Documenting and disseminating administrative and operational procedures to ensure consistent storage, processing and transmission of Institutional Data.
Documenting administrative and operational procedures goes hand in hand with understanding how data is stored, processed and transmitted. Data Custodians should document as many repeatable processes as possible. This will help ensure that Institutional Data is handled in a consistent manner. This will also help ensure that safeguards are being effectively leveraged.
Provisioning and deprovisioning access to Institutional Data as authorized by the Data Steward.
Data Custodians are responsible for provisioning and deprovisioning access based on criteria established by the appropriate Data Steward. As specified above, standard procedures for provisioning and deprovisioning access should be documented and made available to the appropriate Data Steward.
Understanding and reporting on security risks and how they impact the confidentiality, integrity and availability of Institutional Data.
Data Custodians should have a thorough understanding of security risks impacting their Institutional Data.

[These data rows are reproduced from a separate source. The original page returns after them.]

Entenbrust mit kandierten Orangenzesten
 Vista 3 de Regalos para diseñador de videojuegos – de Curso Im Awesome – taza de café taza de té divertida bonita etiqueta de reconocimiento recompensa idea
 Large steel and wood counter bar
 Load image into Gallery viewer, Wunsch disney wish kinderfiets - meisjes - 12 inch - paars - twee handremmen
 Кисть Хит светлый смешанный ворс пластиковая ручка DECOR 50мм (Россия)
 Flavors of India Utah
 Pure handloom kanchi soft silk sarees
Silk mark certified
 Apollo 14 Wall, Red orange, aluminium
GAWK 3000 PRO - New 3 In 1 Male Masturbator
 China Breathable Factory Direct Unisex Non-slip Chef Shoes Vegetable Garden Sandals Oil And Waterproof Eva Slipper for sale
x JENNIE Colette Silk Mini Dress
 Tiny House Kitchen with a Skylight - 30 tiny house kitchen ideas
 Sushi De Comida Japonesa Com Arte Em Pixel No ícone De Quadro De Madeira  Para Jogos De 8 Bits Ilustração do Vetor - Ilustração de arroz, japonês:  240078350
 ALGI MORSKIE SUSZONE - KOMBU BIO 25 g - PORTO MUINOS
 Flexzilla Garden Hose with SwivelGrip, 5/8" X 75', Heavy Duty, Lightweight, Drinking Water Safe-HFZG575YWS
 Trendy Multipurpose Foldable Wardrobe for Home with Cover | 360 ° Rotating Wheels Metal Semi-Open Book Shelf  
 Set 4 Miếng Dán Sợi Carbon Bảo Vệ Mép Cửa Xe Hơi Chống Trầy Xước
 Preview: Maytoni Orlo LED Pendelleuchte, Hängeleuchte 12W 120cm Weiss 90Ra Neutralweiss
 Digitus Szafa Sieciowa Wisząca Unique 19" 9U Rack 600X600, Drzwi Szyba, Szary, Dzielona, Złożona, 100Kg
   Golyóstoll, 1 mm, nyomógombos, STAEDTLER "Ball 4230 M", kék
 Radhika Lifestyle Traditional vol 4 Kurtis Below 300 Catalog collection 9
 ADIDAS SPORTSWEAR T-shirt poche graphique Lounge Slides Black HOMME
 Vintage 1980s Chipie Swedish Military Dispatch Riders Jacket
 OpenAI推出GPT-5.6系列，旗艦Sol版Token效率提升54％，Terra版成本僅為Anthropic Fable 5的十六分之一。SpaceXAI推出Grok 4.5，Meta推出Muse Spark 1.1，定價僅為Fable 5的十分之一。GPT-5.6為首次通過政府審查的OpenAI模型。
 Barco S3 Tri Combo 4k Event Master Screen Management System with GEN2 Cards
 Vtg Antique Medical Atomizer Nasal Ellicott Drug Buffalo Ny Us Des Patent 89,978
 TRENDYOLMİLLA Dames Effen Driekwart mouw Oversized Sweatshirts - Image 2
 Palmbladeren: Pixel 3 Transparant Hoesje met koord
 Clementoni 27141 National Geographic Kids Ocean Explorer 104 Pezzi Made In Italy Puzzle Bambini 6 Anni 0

For example, storing or transmitting sensitive data in an unencrypted form is a security risk. Protecting access to data using a weak password and/or not patching a vulnerability in a system or application are both examples of security risks. Security risks should be documented and reviewed with the appropriate Data Steward so that he or she can determine whether greater resources need to be devoted to mitigating these risks. This Information Security Office can assist Data Custodians with gaining a better understanding of their security risks.